1-Corinthiers 5:11
Uit: “Bode des Heils in Christus”, jaargang 127 (1984)
Conclusie, advies of beslissing?
De vraag is gesteld in wat voor vorm conclusies, waartoe de vergaderingen na onderzoek gekomen zijn, aan de andere vergaderingen bekend gemaakt moeten worden. Uit de aard der zaak volgt op het onderzoek van de omliggende vergaderingen een conclusie. Zij beschouwen de betreffende vergadering nog wel of niet meer als een ‘vergadering des Heren’. Is het laatste het geval, dan zal daarop de beslissing dienen te volgen om de betreffende vergadering niet meer te erkennen. Deze beslissing neemt men als onderzoekende vergaderingen in eerste instantie voor zichzelf. Men heeft geen gezag die beslissing aan andere vergaderingen op te leggen. Op andere vergaderingen rust echter wel de verantwoordelijkheid dit besluit, dat in de naam des Heren genomen is, te respecteren en daarna te handelen.

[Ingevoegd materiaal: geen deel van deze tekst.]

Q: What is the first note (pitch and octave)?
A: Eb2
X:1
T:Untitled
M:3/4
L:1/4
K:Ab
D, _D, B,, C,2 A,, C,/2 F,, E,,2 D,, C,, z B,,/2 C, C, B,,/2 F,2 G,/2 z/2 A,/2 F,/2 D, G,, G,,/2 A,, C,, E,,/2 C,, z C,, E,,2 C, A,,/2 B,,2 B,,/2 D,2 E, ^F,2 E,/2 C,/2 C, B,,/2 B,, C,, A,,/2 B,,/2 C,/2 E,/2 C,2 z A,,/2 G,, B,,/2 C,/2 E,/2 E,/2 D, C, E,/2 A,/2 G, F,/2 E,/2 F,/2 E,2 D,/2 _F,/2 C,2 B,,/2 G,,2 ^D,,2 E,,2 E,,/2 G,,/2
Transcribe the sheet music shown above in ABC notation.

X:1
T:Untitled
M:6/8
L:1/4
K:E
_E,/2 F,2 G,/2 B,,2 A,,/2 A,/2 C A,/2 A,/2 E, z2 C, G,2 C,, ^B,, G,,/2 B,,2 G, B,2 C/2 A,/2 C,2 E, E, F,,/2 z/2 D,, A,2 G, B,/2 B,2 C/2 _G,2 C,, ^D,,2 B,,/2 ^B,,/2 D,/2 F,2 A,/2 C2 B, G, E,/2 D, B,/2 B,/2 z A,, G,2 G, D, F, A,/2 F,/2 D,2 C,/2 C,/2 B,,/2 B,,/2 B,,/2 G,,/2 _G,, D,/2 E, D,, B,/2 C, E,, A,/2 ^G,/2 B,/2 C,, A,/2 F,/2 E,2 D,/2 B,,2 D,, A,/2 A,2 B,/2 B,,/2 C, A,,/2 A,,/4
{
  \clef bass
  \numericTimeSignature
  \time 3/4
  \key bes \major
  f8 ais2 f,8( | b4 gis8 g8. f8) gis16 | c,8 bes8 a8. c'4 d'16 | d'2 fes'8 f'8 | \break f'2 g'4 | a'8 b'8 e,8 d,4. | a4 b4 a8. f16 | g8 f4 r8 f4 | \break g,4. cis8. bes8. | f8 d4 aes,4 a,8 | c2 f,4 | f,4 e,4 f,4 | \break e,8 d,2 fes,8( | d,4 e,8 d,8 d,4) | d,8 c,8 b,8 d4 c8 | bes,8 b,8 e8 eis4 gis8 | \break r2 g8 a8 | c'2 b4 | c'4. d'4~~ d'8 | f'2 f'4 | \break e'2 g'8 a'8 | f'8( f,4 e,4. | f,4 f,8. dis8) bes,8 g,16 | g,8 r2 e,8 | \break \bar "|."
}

Maar als het besluit nu fout is?
Misschien schrikt iemand van dit kopie. Kunnen vergaderingen dan een fout besluit nemen; dat is toch onmogelijk…? Ze worden bij hun besluitvorming toch geleid door de Heilige Geest? Dat laatste behoort wel zo te zijn, maar zo goed als gelovigen in plaats van door de Geest door het vlees geleid kunnen worden, zo goed kunnen vergaderingen dat ook. Als dat niet zo zou zijn zouden we volmaakte, onfeilbare vergaderingen hebben en de praktijk bewijst maar al te zeer, dat die er niet zijn. De hoofdstukken 2 en 3 van de Openbaring laten dat trouwens ook duidelijk zien.
Het kan ook voorkomen, dat men het in een of meer vergaderingen met een besluit, zoals hierboven omschreven, niet eens is of er zijn twijfels over heeft. Wel, dan zullen zulke vergaderingen zich met de onderzoekende vergaderingen in verbinding hebben te stellen om zich op de hoogte te stellen van de gronden van verbreking van de gemeenschap en om hun bezwaren kenbaar te maken. Zouden die gronden werkelijk ondeugdelijk blijken te zijn dan zal men de vergaderingen die het onderzoek hebben verricht en de beslissing hebben genomen om de gemeenschap te verbreken, daarop hebben te wijzen en hun moeten verzoeken het gewraakte besluit in te trekken. Weigeren deze vergaderingen dat, dan is het duidelijk dat het vlees werkzaam is.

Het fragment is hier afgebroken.